I funghi epifiti crescono sulla superficie di piante vive, dove possono anche moltiplicarsi. Diversamente da quanto accade per le tipiche malattie fungine del melo – ticchiolatura e oidio – i funghi epifiti non penetrano nel tessuto vegetale, ma rimangono sulla superficie esterna del frutto e non sono quindi da considerarsi patogeni diretti. Sebbene i danni insorgano in misura massiva durante lo stoccaggio, lo sviluppo della fumaggine può essere contenuto in ogni fase di produzione con una difesa mirata.
Risolvere e studiare la problematica delle fumaggini delle mele sia in Emilia-Romagna sia in Alto Adige (due tra i principali distretti produttivi), con l’obiettivo di elaborare adeguate strategie di controllo, è interesse comune a Rinova e al Centro di Sperimentazione di Laimburg. In entrambi gli areali esistono esperienze pregresse su pratiche e studi sugli epifiti. In particolare, Laimburg ha studiato la tematica in modo approfondito dal punto di vista fitopatologico delle contromisure sia in campo sia in postraccolta.

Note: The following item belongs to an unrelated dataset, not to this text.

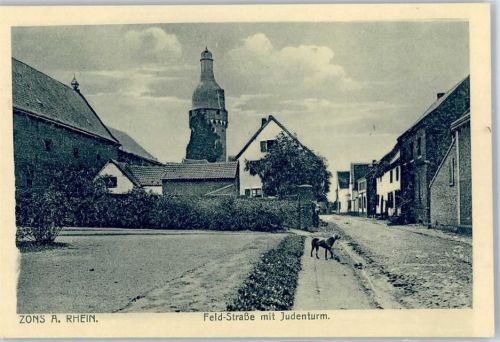Zons Feldstrasse mit Judenturm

Se n'è parlato all'ultimo workshop, organizzato dal Gruppo di lavoro sul postraccolta di Rinova presso il Centro di Laimburg, dal titolo “Il controllo delle fumaggini in pre e post raccolta: le esperienze della ricerca e del comparto tecnico” realizzato nell'ambito del progetto Ocm "Sviluppo di innovazioni bio-tecnologiche nel settore post raccolta frutta".

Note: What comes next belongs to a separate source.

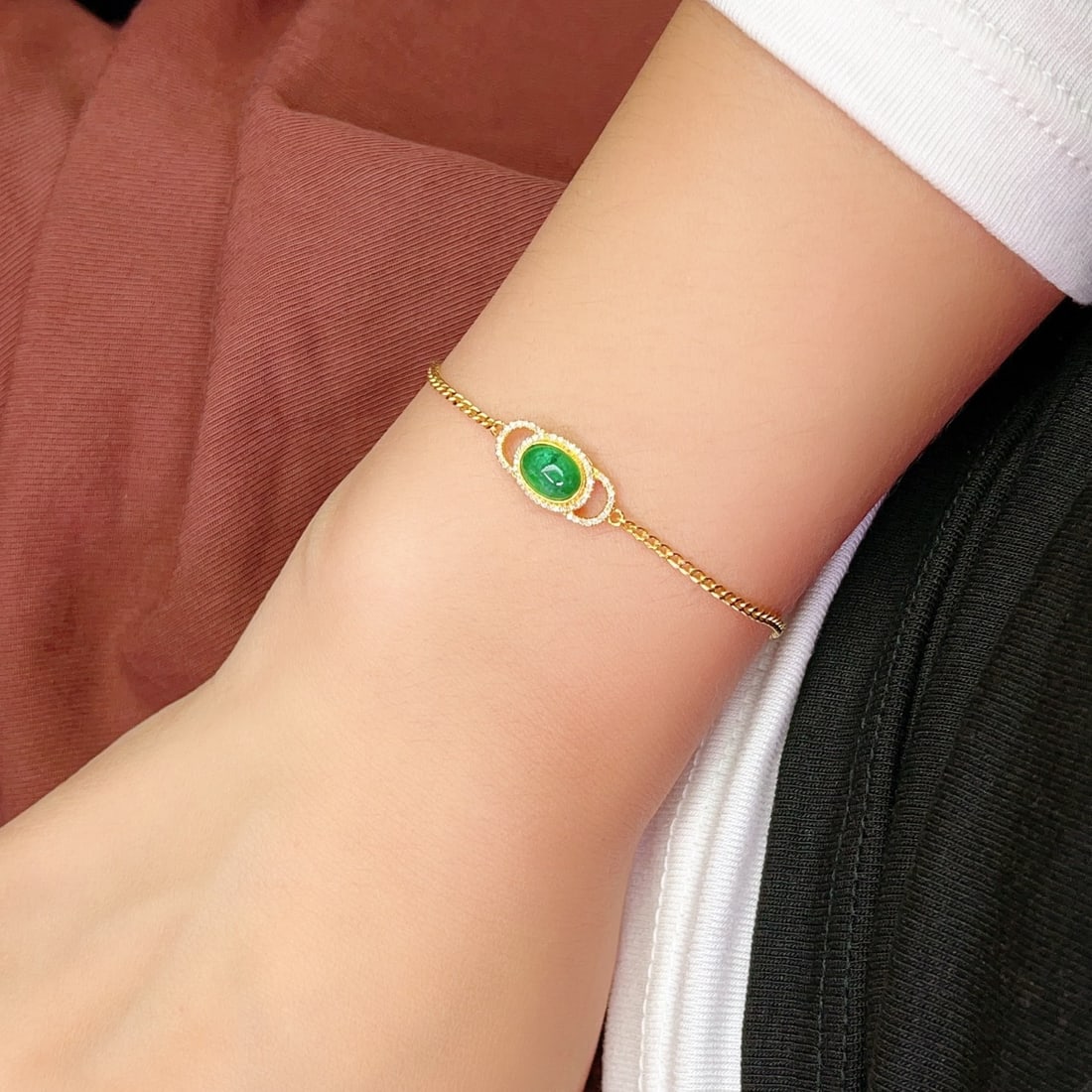14k Gold 1.15 Ct Vivid Green Natural Emerald & Diamond Bracelet - 4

Prospettive fitopatologiche sugli epifiti
Le fumaggini sono considerate epifiti, cioè funghi adattati a vivere sulla superficie della pianta, in particolare foglie e frutti, e quindi sono organismi poco esigenti - ha spiegato Sabine Oettl del del gruppo di lavoro Fitopatologia presso il Centro di Sperimentazione Laimburg -. Nei frutti inoltre con la maturazione, che inizia già sull’albero e che prosegue anche in conservazione, aumentano nella buccia le cere, gli zuccheri e gli acidi organici disponibili per nutrire tali microrganismi che quindi crescono esponenzialmente creando la tipica patina biancastra o scura se c’è melanina nel micelio che usa per proteggersi dai raggi UV.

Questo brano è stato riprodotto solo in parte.